As considerações espirituais de Santo Agostinho são coloridas por comparações e exemplos que remetem a essa realidade quotidiana. Por exemplo, após exortar ao desprendimento em relação aos bens materiais e criticar contundentemente os avarentos, Agostinho propõe a generosidade, valendo-se da comparação mais familiar a seus ouvintes: "Que havemos de fazer pois, com as nossas riquezas? "Sede ricos em boas obras, dadivosos, generosos" (1Tm 6,18) ... Deus não quer que percas as tuas riquezas, mas te aconselha a mudá-las de lugar. Que vossa caridade me entenda: suponhamos que não sejas bom conhecedor do trigo e que entrasse em tua casa um amigo perito na conservação desse cereal e visse que o armazenas no chão úmido e te desse um conselho: "Irmão, estás a perder o que com grande esforço colheste, pois se o deixas em lugar úmido, em poucos dias estará podre" "Que devo fazer, irmão?" "Sobe-o para o andar de cima". Tu que ouves um amigo que sugere a elevação do trigo, não ouves a Cristo que te aconselha a elevares teu tesouro da terra para o céu não já para conservar o que guardas, mas para sublimar: guardavas terra e receberás céu; guardavas o extinguível, receberás imortalidade" (En. 48,1,9).

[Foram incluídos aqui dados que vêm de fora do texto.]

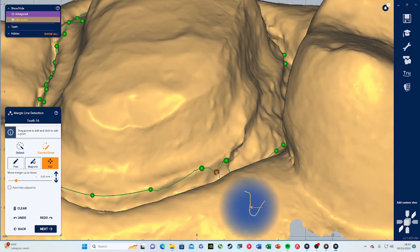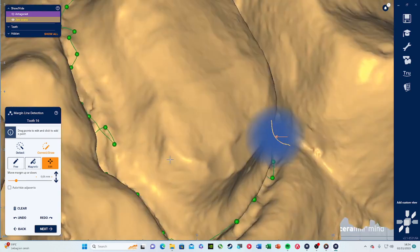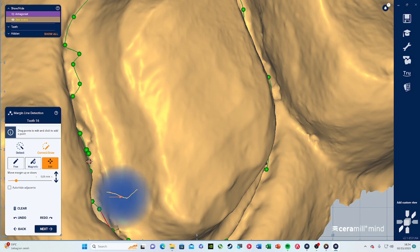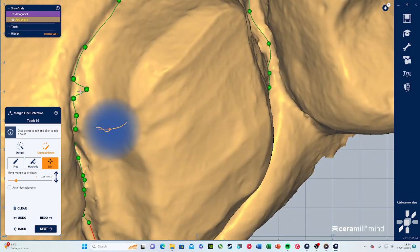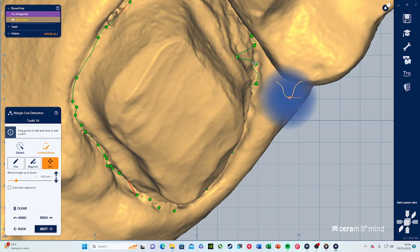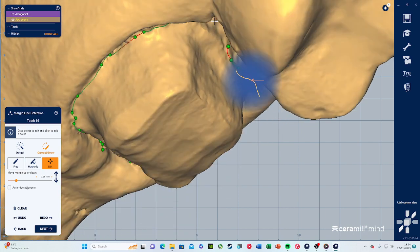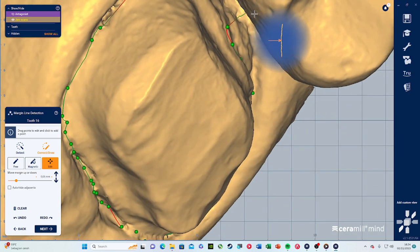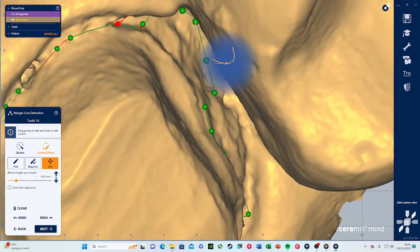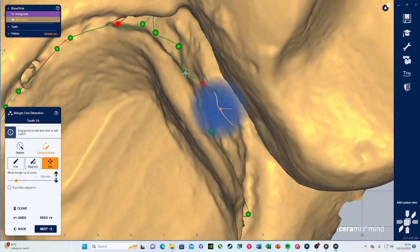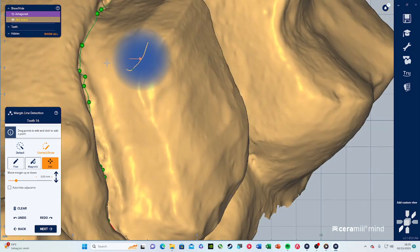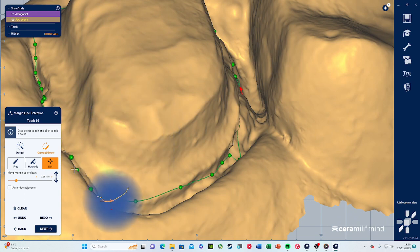If there are areas that need to be fixed you can drag the ball points around. Some points are overlapping, which will create a problem later. This margin detection should not be difficult — it depends on how well the tooth was prepared. I would drag some points up because they're too far down. This process depends on the dentist's preparation skills; since this is a practice file it wasn't as well prepared. I think that should be okay for margin definition — press next.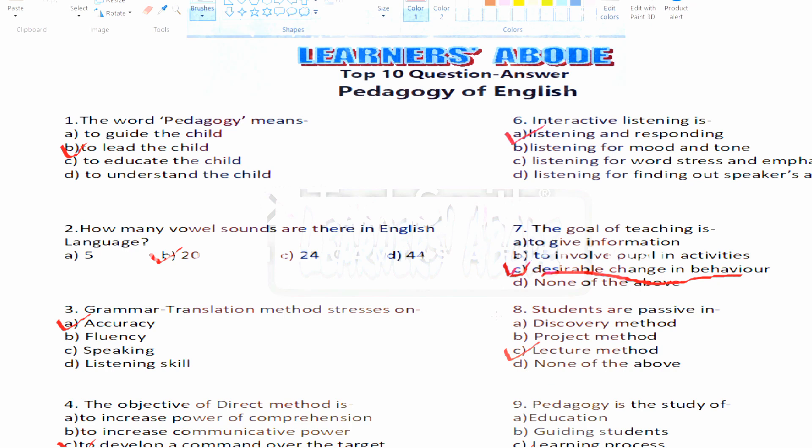So those were the top 10 questions and answers of Pedagogy of English. I hope you enjoyed this video. If you liked it, please like, comment, share, and subscribe to my channel, and stay connected for more such exciting videos.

5. Educar o coração para a doação
No mundo marcado pelo capitalismo selvagem, pelo massacrante egoísmo alguém deve fazer a diferença. Em tempo de tanta penúria, sofrimento, injustiça alguém deve dar o primeiro passo com o intuito de ser distinto. Doação é o ato de dar um bem próprio a outra pessoa, geralmente alguém necessitado, ou a uma instituição. O coração, no entanto, deve estar atento e educado para isso. O dízimo somente faz sentido para aquele que aprende a educar seu coração para a generosidade conseqüente. A espiritualidade passa por esse difícil caminho de ascensão. Paulo lembra: "cada um dê conforme decidir em seu coração" (2 Cor 9,7a) e acrescenta: "sem pena e constrangimento, porque Deus ama quem dá com alegria" (v. 7b).

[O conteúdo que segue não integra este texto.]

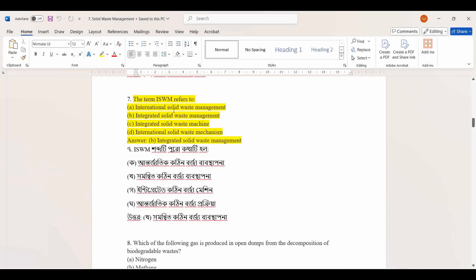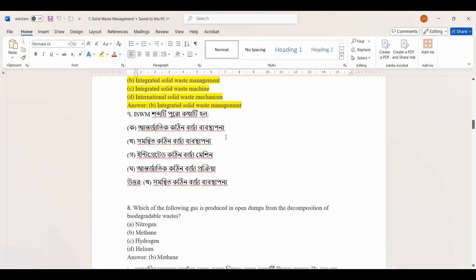The term ISWM refers to: integrated solid waste management, international solid waste management, integrated solid waste machine, or international solid waste mechanism. The correct answer is integrated solid waste management.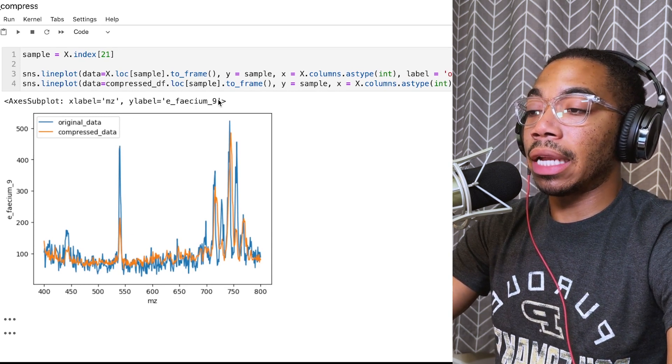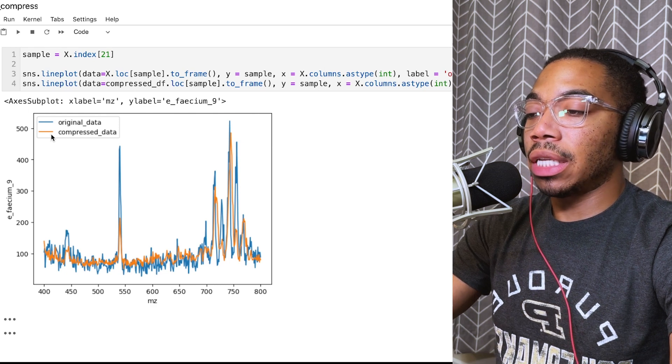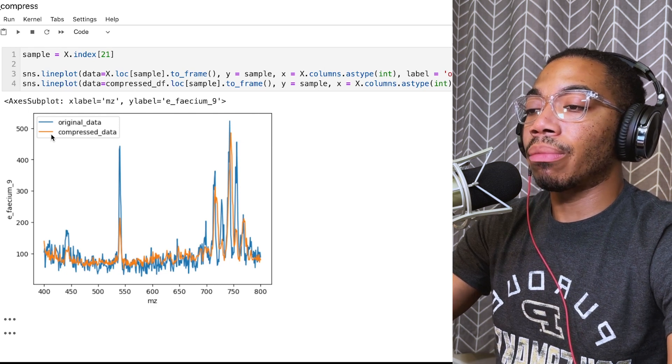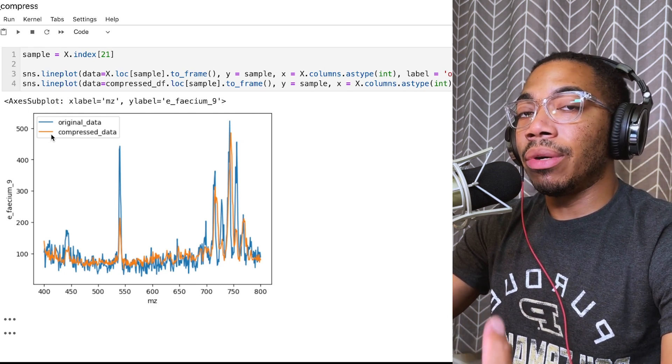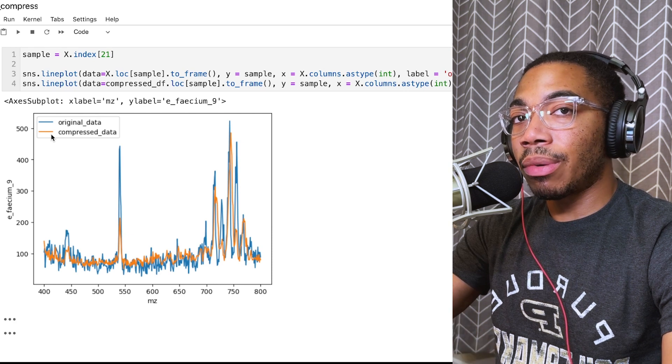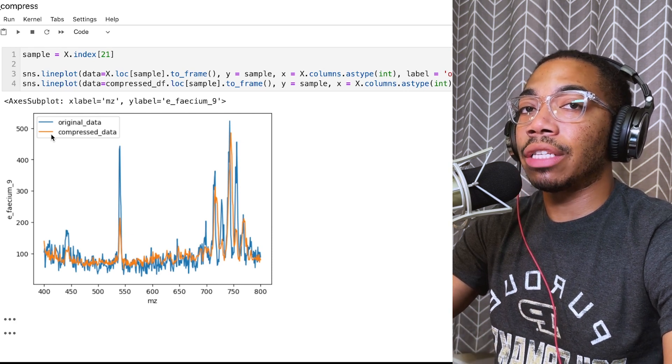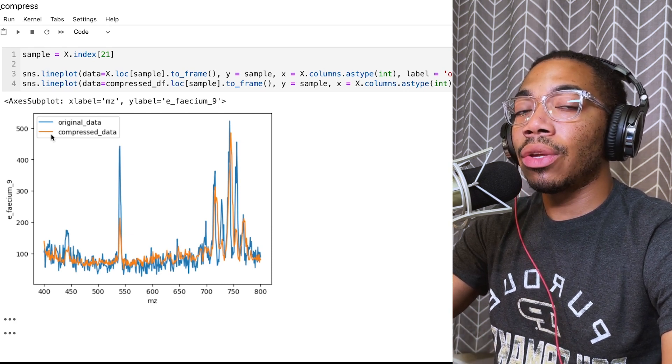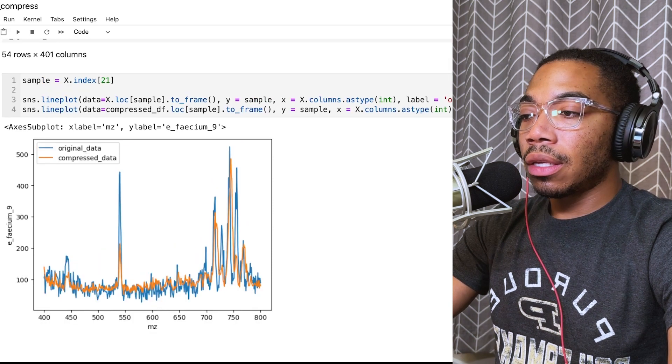The blue plot is the original input X data for a particular sample, this Faecium 9 sample. The orange is the actual compressed data when we build a PCA model using a single component and then use the inverse transform methods to walk back to that original data set.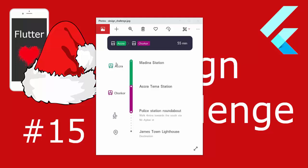Hello everyone, today we are going to build a small application. We have some kind of bus information on the top, and below we have a route between the starting point and the destination, with many stops in between. Let's try to accomplish it with Flutter.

A partilha e a solidariedade em favor dos mais pobres não se manifestavam só na própria comunidade, mas eram sinal de unidade entre as diversas comunidades. A solidariedade com o dízimo é sinal de um sadio intercambio material e não somente uma questão periférica da fé. A espiritualidade do dízimo é um sinal de obediência à Palavra de Deus, presente em seu Evangelho. "Tal serviço será para eles uma prova; e eles agradecerão a Deus pela obediência que vocês professam ao Evangelho de Cristo e pela generosidade com que vocês repartem os bens com eles e com todos" (2 Cor 9, 13).
6. Conclusão
Tivemos pouco espaço para falar sobre a espiritualidade do dizimo. Talvez algum dia (mais) aprofundaremos a matéria. Existem tantas opções de sugestões para falar sobre essa maravilhosa experiência de Deus na vida cristã. Resumidamente podemos concluir com alguns acenos. Uma pergunta: o que é e o que significa ser dizimista? Ser dizimista é:
- estar aberto ao infinito. Deus nos dá tudo que temos e possuímos;
- colaborar na expansão do Reino de Deus. O dízimo nos faz crescer em direção ao céu e a terra em perfeita harmonia;
- agradecer a Deus sua bondade. Uma oportunidade única nessa vida de concidadãos do céu. Eternamente agradecidos pelo dom da vida;
- expressar a fé. Oportunidade de crescer em função dos irmãos. A solidariedade nasce da partilha entre os irmãos. Um gesto que dá sentido à vida;
- devolver a Deus o que é de Sua propriedade (Lv 27, 30). Por toda bondade reconhecida eu me disponho todo mês fazer fielmente a minha parte. Somos um povo consagrado ao Senhor e reconhecemos isso como filhos obedientes;
- ter consciência eclesial. Sou convidado a contribuir na expansão do Reino de Deus. O Reino é como uma semente lançada ao solo do coração generoso. Sempre dará frutos. A realidade de nosso povo nos interpela (DA, 12ss. "Fazer da Igreja a casa e a escola de comunhão: eis o grande desafio que nos espera" (nº. 54)) e - amar a Deus e ao próximo. Síntese de toda a bondade humana e reconhecimento da imensa generosidade do Pai que nos deu seu Filho como Salvador.